We are working hard to enhance our current very good trade relations. Our exports rose by 16 per cent. last year, and growth has been sustained since then. We have had extremely successful relations, and we shall build on them.
Mr. William O'Brien: When the Minister discusses trade with Australia, will he ensure that coal imported to the United Kingdom is economically priced, and that no subsidies undermine the United Kingdom's deep-mined coal? Will he assure us that he will investigate the position?
Mr. Arnold: May I commend my hon. Friend's work, and that of our hon. Friend the Member for Esher (Mr. Taylor), the Under-Secretary of State for Trade and Technology, during his recent visit to Havana, when much was done to develop British exports and investment? Should Cuba not realise, however, that Fidel Castro is now well past his sell-by date? Cuba should take a leaf out of the book of Hastings Banda or Kenneth Kaunda, and hold all-party elections in Cuba. If it did so, it would join every other Latin American republic in becoming a true multi-party democracy.
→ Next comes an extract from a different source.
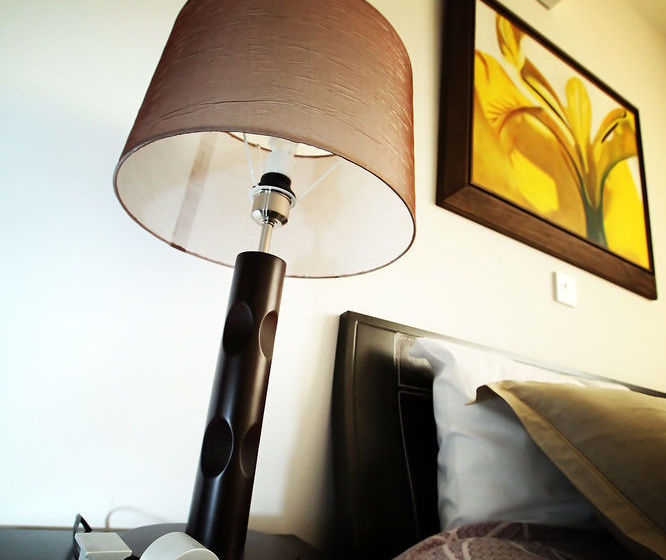 فندق Oracle Exclusive Resort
Mr. Davis: My hon. Friend is right. There is a healthy two-way exchange of Ministers between Cuba and the United Kingdom. As my hon. Friend pointed out, my hon. Friend the Under-Secretary of State for Trade and Technology went to Cuba earlier this year, and I believe that Isabel Allende visited London earlier this year as well. We enjoy normal relations with Cuba, and they continue to develop; but it is certainly true that progress in those relations would be enhanced by improvements in civil and democratic rights in Cuba. Earlier this year, it received the United Nations Human Rights Commissioner, and I hope that that will lead to co- operation with the UN special rapporteur, which would also be helpful.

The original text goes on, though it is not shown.